Et nous avons le jeune Icare, agité, désœuvré, avec pour seul horizon son père, le paysage à-travers les barreaux de la cellule, le soleil et ces plumes qu’il ne cesse d’amasser et d’en faire un tas pour tromper son ennui.
Icare joue avec les plumes, tentant de les faire voler à l’aide de son souffle, les collant sur sa peau avec un peu d’eau ou de salive et mimant le vol d’un oiseau…
Un père normal et dans des conditions normales aurait certainement réprimandé son fils (devant un tel désordre) mais Dédale est un magnifique inventeur dont l’imagination s’accroche au moindre fait. C’est en regardant Icare jouer avec les plumes que l’idée des ailes se fait jour dans son esprit : des plumes et bien sûr, de la cire !

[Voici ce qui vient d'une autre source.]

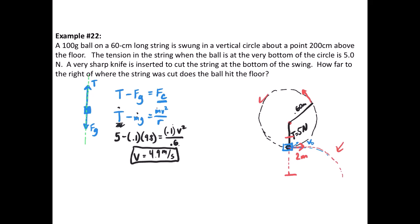So now we know the speed at the bottom is 4.9 m/s for there to be 5 newtons of tension. Keep in mind that going faster would require more tension to maintain circular motion. When the knife cuts the string at the bottom of the swing, the ball is not 2 meters above the ground — since the center was 2 meters up and the radius is 60 centimeters, the ball is 2 minus 0.6 equals 1.4 meters above the ground, traveling at 4.9 meters per second horizontally. Now we do two-dimensional kinematics.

La réponse à cette quatrième question est devenu évidente : il s’agit du moment où Dédale conçoit l’idée des ailes à la vue d’Icare imitant un oiseau en vol.
Quelle est l’action dramatique du protagoniste ?
A travers cette question, nous devons comprendre ce qui motive le protagoniste, un désir (ou un besoin) secret qui d’une manière ou d’une autre s’interposera dans les décisions du personnage.
Sachant que Dédale s’est débarrassé d’un rival sans scrupule (et c’était pourtant son neveu), on peut s’attendre à une personnalité irascible, ne supportant pas la compétition.
A propos de personnalité, Dédale est quelqu’un de très pragmatique alors qu’Icare est plutôt un rêveur. Deux types de personnalités opposées et qui ont peu de chances de trouver un terrain de compromis pour une relation saine et durable.
On peut en déduire que le désir inavoué d’Icare est de fuir son père, de s’échapper de son emprise. Nous apportons ainsi une réponse à l’action dramatique qui justifie son comportement et son envolée fatale vers le soleil. La question dramatique soulevée par l’histoire serait alors de savoir si Icare pourra s’envoler de ses propres ailes, vivre sa vie d’homme sans l’ombre pesante d’un père castrateur.
Quelle est l’action dramatique de l’antagoniste ?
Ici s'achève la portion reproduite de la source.